Trayvone Clayton is a 22-year-old black man who grew up in the African Nova Scotian community in Halifax's north end. He was one of the organizers of protests against street checks last year.
In October, after the practice was deemed illegal, Justice Minister Mark Furey ordered police forces across the province to end the practice.
At the time, Clayton welcomed the ban, but expressed concern that prejudicial treatment would continue. More than seven months later, he said the practice of street checks seems to have waned, but the black community still distrusts the police.
Street checks progress marred by setbacks
“I still get chills through my body when I see a police officer,” Clayton told CBC News.
He said the violent arrest of Santina Rao at a Halifax Wal-Mart in January unravelled some of the progress made with the street checks ban.
Vanessa Fells said it's time for police forces and the justice system to actively work to repair their relationships with black Nova Scotians.
Fells is the program co-ordinator for the African Nova Scotian Decade for People of African Descent Coalition, an organization that wrote to Furey and Premier Stephen McNeil this week to demand action.
“While this incident with George Floyd didn't happen here in Nova Scotia … incidents like this happen in Nova Scotia and they are traumatic to the community,” Fells told CBC's Information Morning, also pointing to the Rao case.
In its letter to the province, Fells' organization said street checks are still happening.
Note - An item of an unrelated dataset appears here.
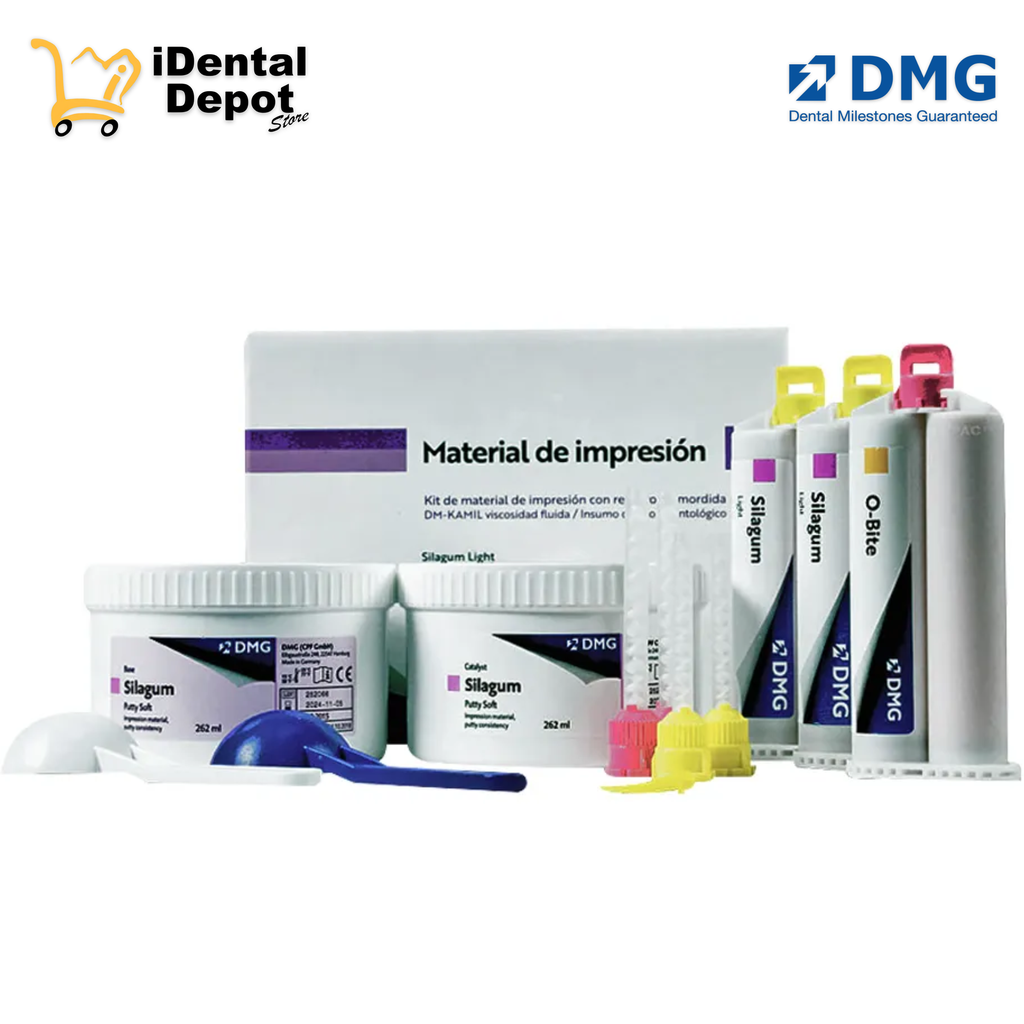 KIT MATERIAL DE IMPRESION MASILLA + 2 LIGERO CON 1 OBITE DE REGALO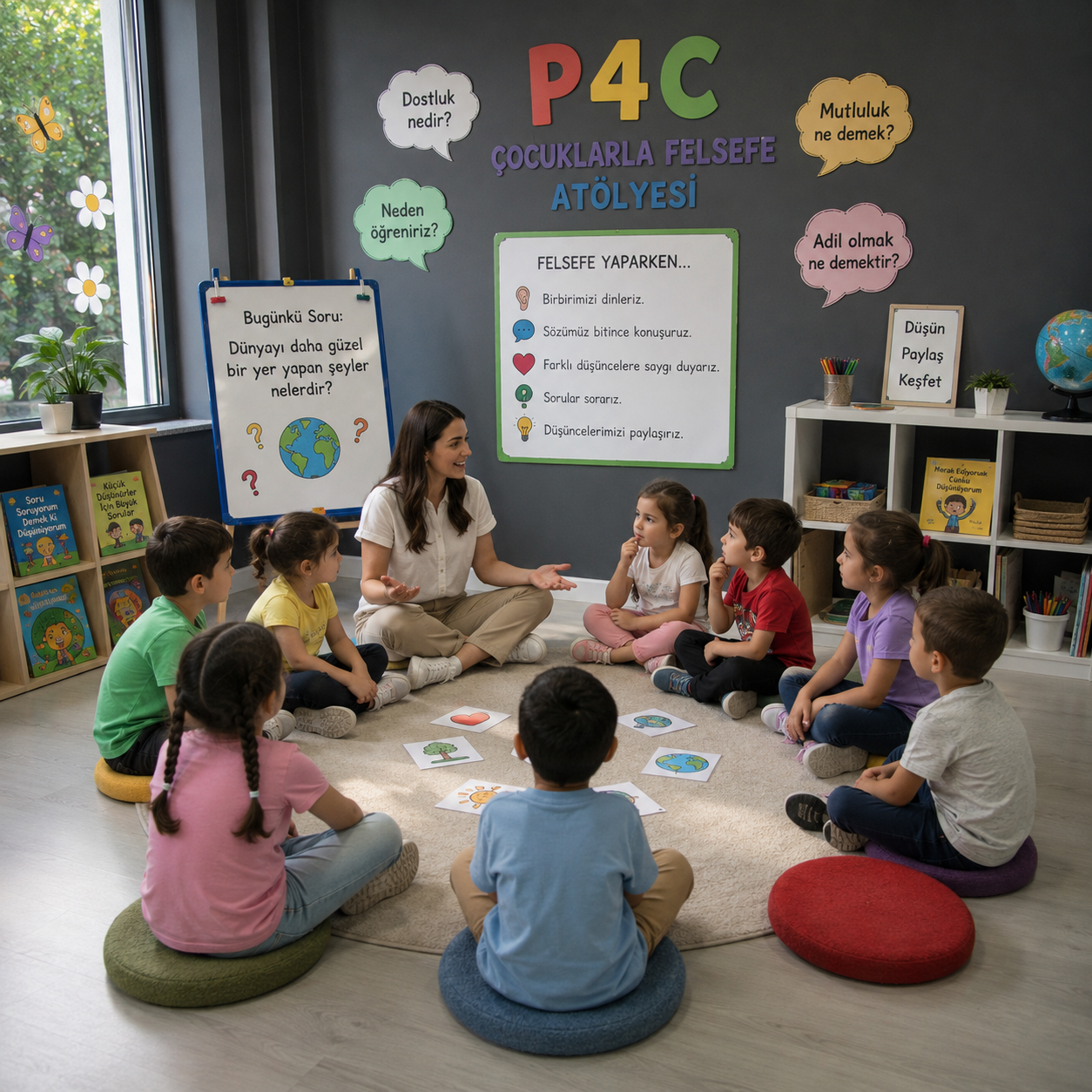 🧠 P4C (Çocuklarla Felsefe) Atölyesi 1 🧠 P4C Cocuklarla Felsefe Atolyesi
A Halifax Regional Police spokesperson said no street checks have been conducted since the ban, and an RCMP spokesperson said they couldn't respond to the request in time for CBC's deadline.
The letter said “issues of racial profiling, over policing, police brutality, systemic anti-Black racism in the justice system, and differential treatment while incarcerated” are not being adequately addressed.
“We saw everything that's happened with street checks, and while government and police are saying, ‘Yes, we're working on it, we're working on recommendations,' it's not happening fast enough.”
Halifax Regional Police Chief Dan Kinsella said he understood why the Floyd's killing was resonating in Nova Scotia. He told Information Morning that Floyd's death was “a horrible thing and a gigantic set-back.”
Kinsella said “there is racism in all of our systems and … policing is one of those systems.” To address that, he said Halifax Regional Police offers regular training to officers on de-escalation techniques and anti-racism. He said he's open to other tools that might help correct systemic problems and build trust with the black community, including body cameras for officers.
On apologies
Kinsella apologized for street checks shortly after the practice was banned. Furey, who oversees Nova Scotia RCMP, has declined to apologize for street checks, repeating this week that it wouldn't be appropriate until police have bettered their relationship with the black community.
“I don't want any apology to be seen simply as an apology, there has to be substance, there has to be a feeling of inclusion as part of that discussion, and that's the direction we're taking,” he told reporters Thursday.
Fells said she was ambivalent about apologies.
“Give us all the apologies you want, but it's a hollow apology unless you're actually going to take immediate action to work with the community and solve these issues.”